__TASK ITEM__
Word for word, restate the entries below from their first line through the line that contains "10.12.2021. Kielce. Wystawy".

Short web captions
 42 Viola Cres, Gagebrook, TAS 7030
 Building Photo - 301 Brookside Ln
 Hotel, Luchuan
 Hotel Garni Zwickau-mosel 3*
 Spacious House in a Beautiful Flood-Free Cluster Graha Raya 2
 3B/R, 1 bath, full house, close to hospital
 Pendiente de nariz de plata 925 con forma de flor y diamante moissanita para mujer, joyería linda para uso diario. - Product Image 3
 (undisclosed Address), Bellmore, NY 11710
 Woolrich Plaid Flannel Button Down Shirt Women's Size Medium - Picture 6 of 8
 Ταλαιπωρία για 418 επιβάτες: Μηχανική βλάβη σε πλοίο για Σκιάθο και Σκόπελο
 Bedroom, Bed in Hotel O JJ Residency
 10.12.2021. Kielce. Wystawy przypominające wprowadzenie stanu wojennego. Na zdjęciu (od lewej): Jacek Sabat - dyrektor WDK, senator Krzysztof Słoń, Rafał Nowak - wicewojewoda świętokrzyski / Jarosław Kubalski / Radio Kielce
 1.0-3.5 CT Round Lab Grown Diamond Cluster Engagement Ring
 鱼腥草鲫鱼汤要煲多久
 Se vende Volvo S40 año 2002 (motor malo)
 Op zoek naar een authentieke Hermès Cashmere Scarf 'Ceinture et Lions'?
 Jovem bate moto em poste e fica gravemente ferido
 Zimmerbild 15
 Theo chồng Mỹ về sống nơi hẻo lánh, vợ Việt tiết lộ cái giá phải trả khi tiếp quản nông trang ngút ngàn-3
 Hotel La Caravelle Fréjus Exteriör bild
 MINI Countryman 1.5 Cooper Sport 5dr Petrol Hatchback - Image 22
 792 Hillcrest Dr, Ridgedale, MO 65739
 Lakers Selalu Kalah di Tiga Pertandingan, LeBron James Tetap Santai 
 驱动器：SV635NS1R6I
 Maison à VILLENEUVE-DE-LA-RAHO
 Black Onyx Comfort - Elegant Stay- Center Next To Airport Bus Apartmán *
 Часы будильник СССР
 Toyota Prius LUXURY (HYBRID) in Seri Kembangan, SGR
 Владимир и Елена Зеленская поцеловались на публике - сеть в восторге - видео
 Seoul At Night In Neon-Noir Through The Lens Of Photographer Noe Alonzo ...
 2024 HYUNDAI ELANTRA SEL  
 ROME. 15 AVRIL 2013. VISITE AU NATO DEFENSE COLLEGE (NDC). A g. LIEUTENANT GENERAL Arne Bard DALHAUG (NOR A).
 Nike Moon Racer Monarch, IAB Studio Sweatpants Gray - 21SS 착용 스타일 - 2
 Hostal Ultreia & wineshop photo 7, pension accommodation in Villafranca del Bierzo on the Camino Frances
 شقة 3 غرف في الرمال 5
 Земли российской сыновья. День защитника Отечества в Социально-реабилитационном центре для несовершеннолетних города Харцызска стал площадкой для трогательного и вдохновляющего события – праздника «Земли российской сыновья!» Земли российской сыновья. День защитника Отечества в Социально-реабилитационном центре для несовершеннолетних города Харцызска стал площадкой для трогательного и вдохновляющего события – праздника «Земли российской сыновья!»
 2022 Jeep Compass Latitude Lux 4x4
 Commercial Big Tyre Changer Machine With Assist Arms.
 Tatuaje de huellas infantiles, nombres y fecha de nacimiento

__TASK OUTPUT__
 42 Viola Cres, Gagebrook, TAS 7030
 Building Photo - 301 Brookside Ln
 Hotel, Luchuan
 Hotel Garni Zwickau-mosel 3*
 Spacious House in a Beautiful Flood-Free Cluster Graha Raya 2
 3B/R, 1 bath, full house, close to hospital
 Pendiente de nariz de plata 925 con forma de flor y diamante moissanita para mujer, joyería linda para uso diario. - Product Image 3
 (undisclosed Address), Bellmore, NY 11710
 Woolrich Plaid Flannel Button Down Shirt Women's Size Medium - Picture 6 of 8
 Ταλαιπωρία για 418 επιβάτες: Μηχανική βλάβη σε πλοίο για Σκιάθο και Σκόπελο
 Bedroom, Bed in Hotel O JJ Residency
 10.12.2021. Kielce. Wystawy przypominające wprowadzenie stanu wojennego. Na zdjęciu (od lewej): Jacek Sabat - dyrektor WDK, senator Krzysztof Słoń, Rafał Nowak - wicewojewoda świętokrzyski / Jarosław Kubalski / Radio Kielce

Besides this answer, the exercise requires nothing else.